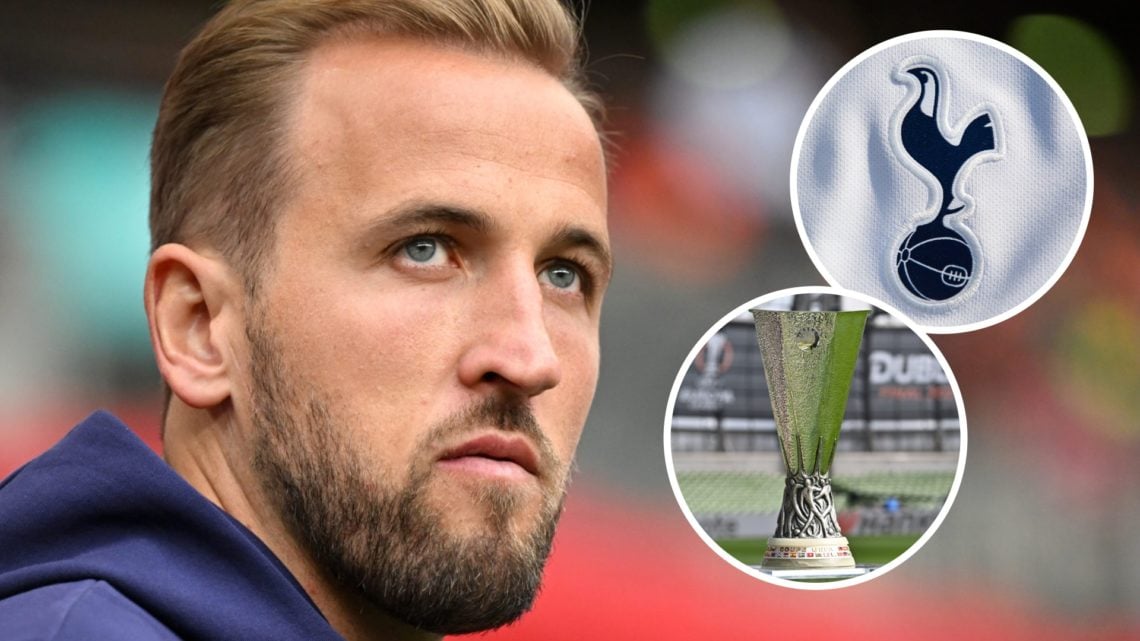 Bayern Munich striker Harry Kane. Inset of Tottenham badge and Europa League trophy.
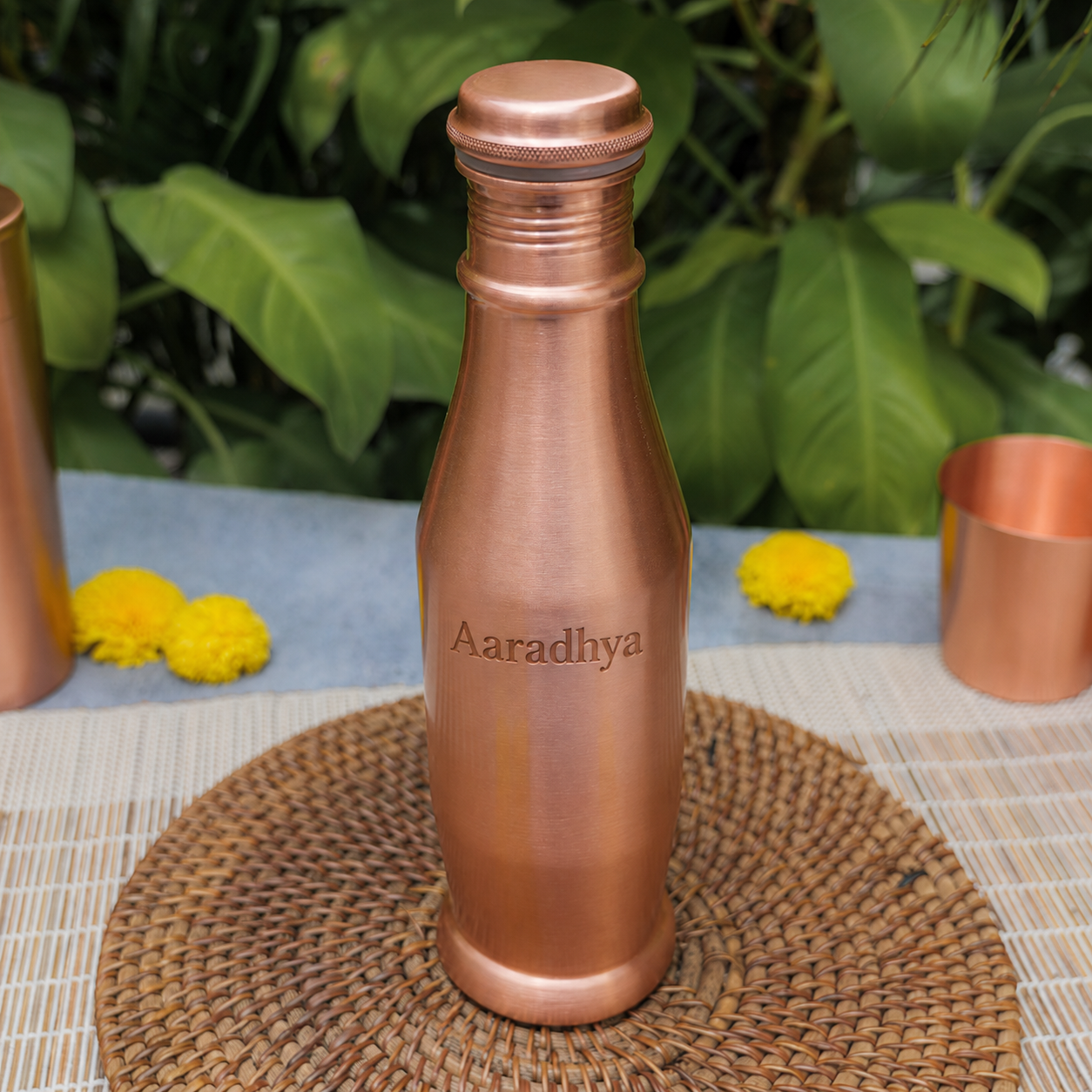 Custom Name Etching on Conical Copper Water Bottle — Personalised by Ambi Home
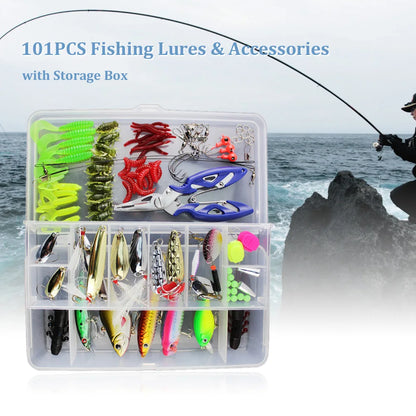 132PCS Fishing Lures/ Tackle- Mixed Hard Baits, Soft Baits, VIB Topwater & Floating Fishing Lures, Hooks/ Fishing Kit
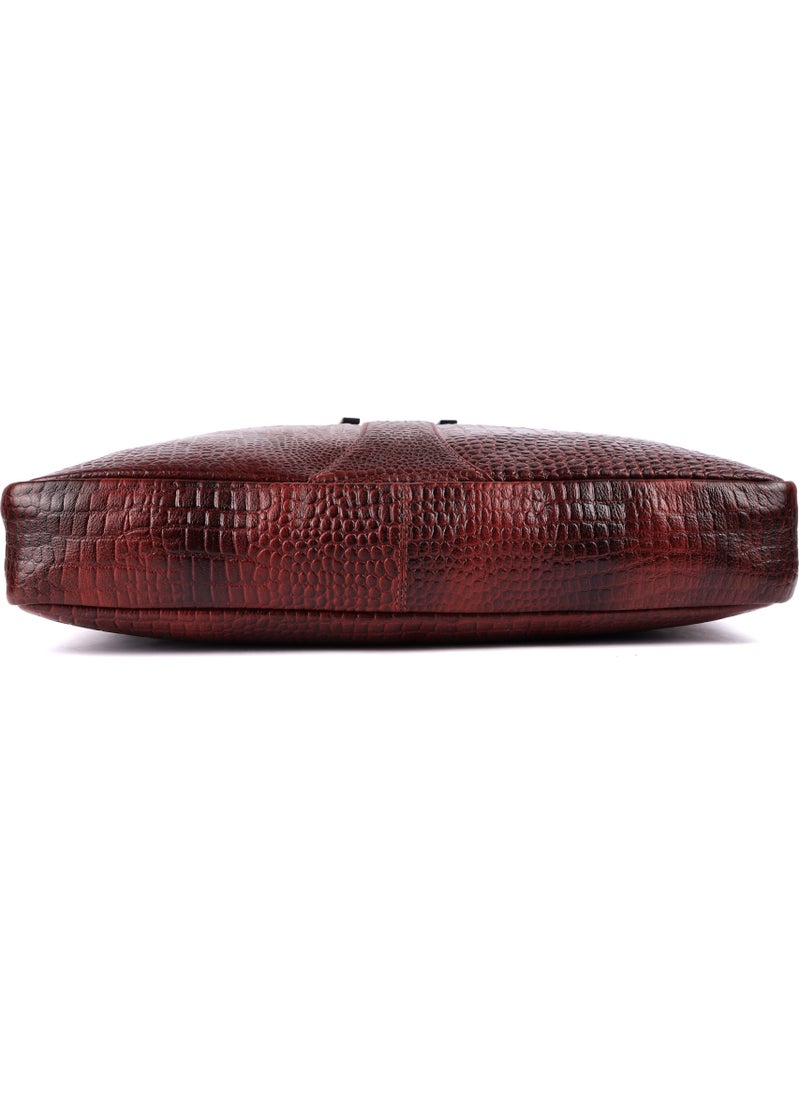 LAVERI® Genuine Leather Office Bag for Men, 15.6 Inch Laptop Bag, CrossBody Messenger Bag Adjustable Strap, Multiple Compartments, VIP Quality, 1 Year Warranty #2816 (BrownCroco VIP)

- [PROBLEM]
The response is to contain exactly the lines from the beginning of the data through the line containing "132PCS Fishing Lures/", both ends included, and nothing else; omit the pictures.

- [SOLUTION FOR THIS EXERCISE]
 Bayern Munich striker Harry Kane. Inset of Tottenham badge and Europa League trophy.
 Custom Name Etching on Conical Copper Water Bottle — Personalised by Ambi Home
 132PCS Fishing Lures/ Tackle- Mixed Hard Baits, Soft Baits, VIB Topwater & Floating Fishing Lures, Hooks/ Fishing Kit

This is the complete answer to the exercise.